-- Data extracts follows --
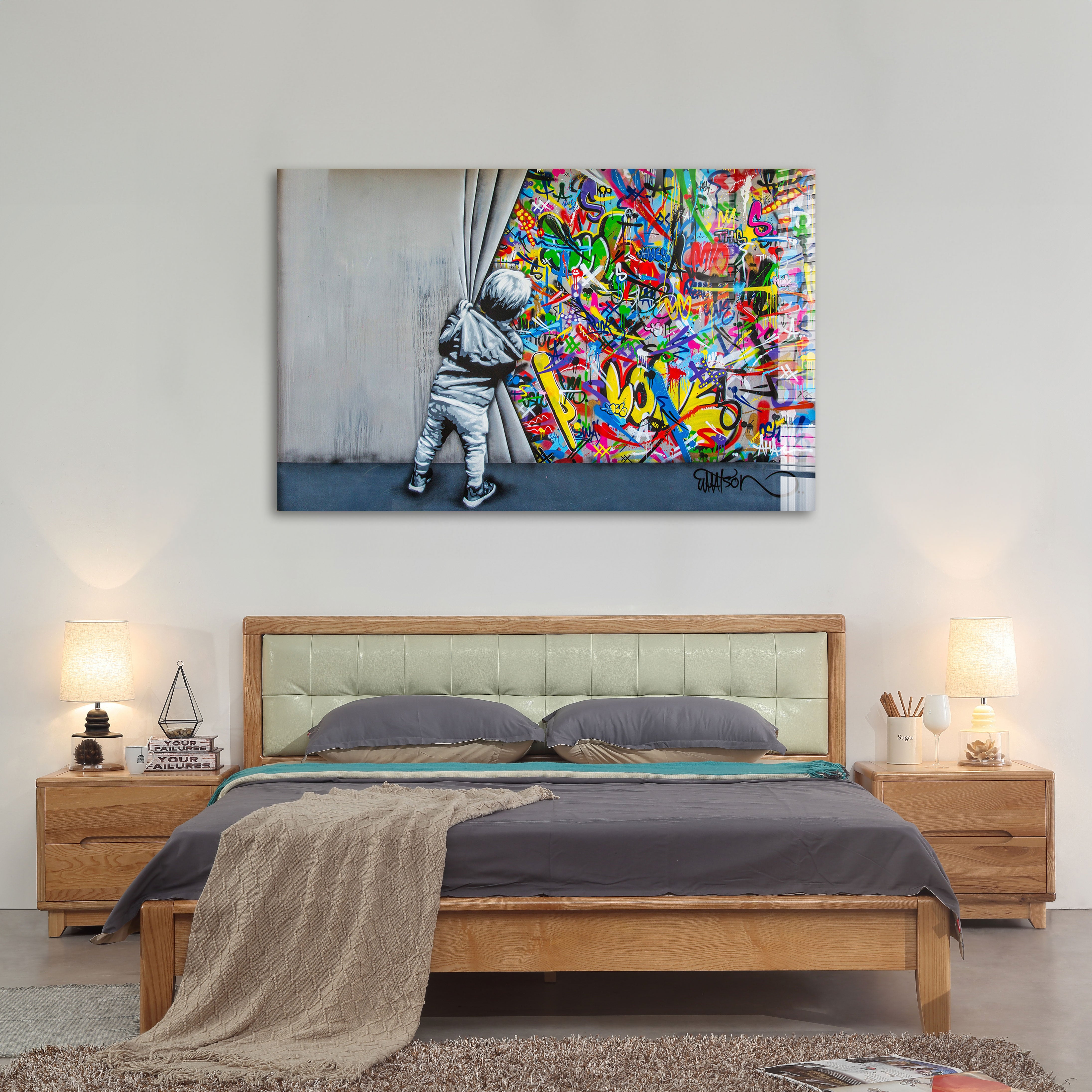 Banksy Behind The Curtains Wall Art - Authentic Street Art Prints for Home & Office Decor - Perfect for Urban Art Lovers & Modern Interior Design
-- Data extracts concluded --
-- Data extracts follows --
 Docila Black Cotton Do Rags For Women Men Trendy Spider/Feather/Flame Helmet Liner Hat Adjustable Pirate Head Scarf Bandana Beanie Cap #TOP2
-- Data extracts concluded --
-- Data extracts follows --
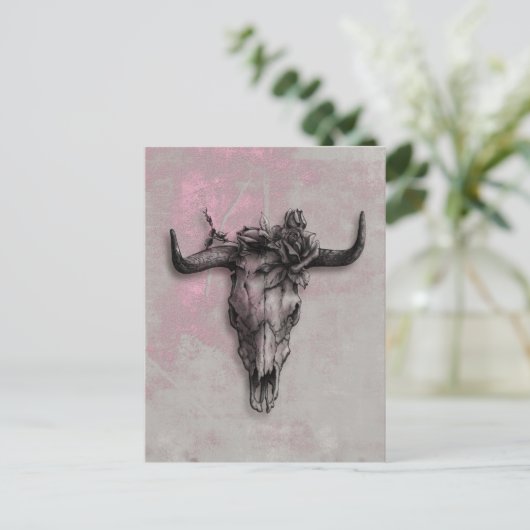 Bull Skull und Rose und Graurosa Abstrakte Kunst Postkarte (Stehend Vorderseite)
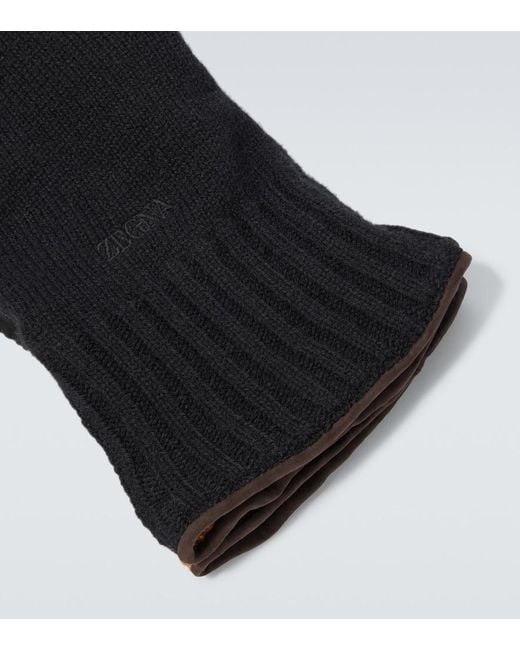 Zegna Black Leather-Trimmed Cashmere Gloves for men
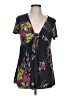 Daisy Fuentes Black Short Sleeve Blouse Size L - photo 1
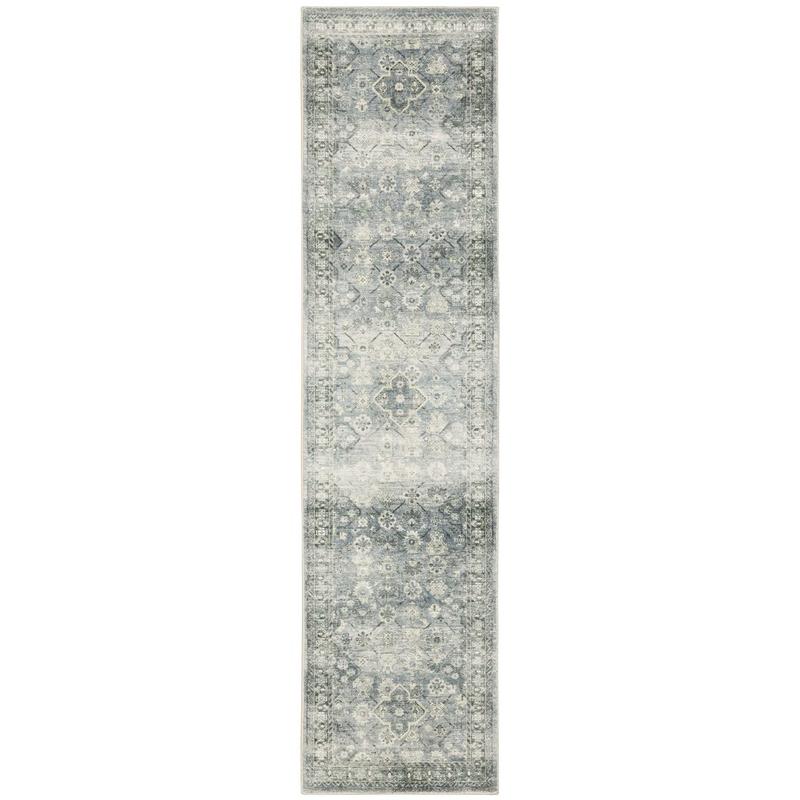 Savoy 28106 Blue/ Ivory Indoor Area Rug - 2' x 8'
-- Data extracts concluded --
Aim of the exercise: For this task, return exactly the stretch of the listing above from the line with "Bull Skull und" through the line with "Savoy 28106 Blue/", inclusive and without pictures.

Result for this task:
 Bull Skull und Rose und Graurosa Abstrakte Kunst Postkarte (Stehend Vorderseite)
 Zegna Black Leather-Trimmed Cashmere Gloves for men
 Daisy Fuentes Black Short Sleeve Blouse Size L - photo 1
 Savoy 28106 Blue/ Ivory Indoor Area Rug - 2' x 8'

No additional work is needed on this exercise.